Once again supporters of expanding Medicaid in Maine are making inaccurate statements and disregarding our state’s past results with expanding MaineCare, Maine’s Medicaid program. There is a reason the LePage administration has rejected expansion five times. And this sixth attempt is not the same; it is worse. Previous proposals would have cost Maine taxpayers more than $300 million over the next five years. This latest attempt will likely be even more expensive given the experiences of other states.

Sen. Tom Saviello, R-Wilton, claims, “It’s just the right thing to do.” Allow me to explain why it is not only wrong but detrimental to the state.

Maine has already experienced the devastating consequences of expanding Medicaid and doing so again would be irresponsible and return Maine’s budget from its current state of stability to one of perpetual crisis.

Saviello is proposing the so-called “private option.” The private option isn’t private — it uses the same taxpayer dollars that would fund traditional Medicaid expansion. In most cases, it ends up costing more than traditional expansion, because of the rapidly rising cost of health insurance plans. So much for the “Affordable” Care Act.

The private option typically relies on a state purchasing Qualified Health Plans for a portion of its expansion population. Last year, when Nebraska considered implementing the private option, that state’s Department of Health and Human Services found that Qualified Health Plans — or publically funded private insurance for those earning 100 percent of the federal poverty level and above — would cost the state 94 percent more than traditional Medicaid expansion.

Saviello claims that his expansion plan is based on the success of other states. However, two of the states he cited — Kentucky and New Mexico — are facing massive Medicaid shortfalls.

There is no proof expanding Medicaid would reduce drug-fueled crime or resolve Maine’s substance abuse problem.

It would be great if complicated problems such as drug addiction could be so easily resolved by just throwing money at them.

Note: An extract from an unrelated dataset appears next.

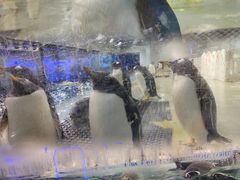 -大连圣亚海洋世界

New Hampshire, for example, with the same population as Maine — and an expanded Medicaid program — had double the number of heroin overdose deaths last year. Even so, Maine continues to increase funding for treatment services, spending more than $20 million annually on the uninsured. Furthermore, federal funding provided to the states for substance abuse treatment has increased from $3 billion in 2005 to more than $13 billion in 2015.

Medicaid expansion backers argue expanding will enroll 60,000 working-age adults into Medicaid. In reality, that number is closer to 80,000. Every expansion state that has publically released its original enrollment projections has exceeded their enrollment projections, which has led to budget shortfalls.

Expanding Medicaid would move people off private insurance coverage that they already have onto taxpayer-funded programs.

Saviello claims he will not allow this to occur and will work closely with the federal government to make sure it does not happen. The senator, however, doesn’t have this authority. If the state expands Medicaid, Maine can’t choose who is eligible and who is not; it’s dictated by the federal government.

Other states have not been successful when it comes to working with the federal government on alternative Medicaid expansion plans. Jim Vokal with the Platte Institute in Nebraska stated, “In theory, the Legislature can put anything it would like in this bill, but in practice, LB 1032 [their proposed expansion bill] is just a dress-rehearsal for a negotiation with the federal government over a Section 1115 Medicaid waiver.”

Arkansas Gov. Asa Hutchison is facing a similar uphill battle — he tried to implement accountability reforms such as work requirements and asset testing. The Obama administration has told Hutchison that any asset test is off the table and that the state would not be permitted to implement a work requirement but only “work encouragement.” There is no proof Maine’s experience would be any different.

The Editorial Board is correct; it’s time to end the fight over Medicaid expansion.

When Maine expanded in 2001 and again in 2003, it led to annual shortfalls in MaineCare of $50 million to more than $100 million. It did not improve the uninsured rate and charity care was not reduced. It destroyed the state’s budget, caused the state to stop paying its bills leaving hundreds of millions in debt owed to Maine’s hospitals and left our state’s neediest and most vulnerable to pay the price.

It did not solve problems, it created them, a scenario playing out every day in states around the country as the financial and practical truth of massively expanding a government-welfare entitlement program comes home to roost.

Mary Mayhew is the commissioner of the Maine Department of Health and Human Services.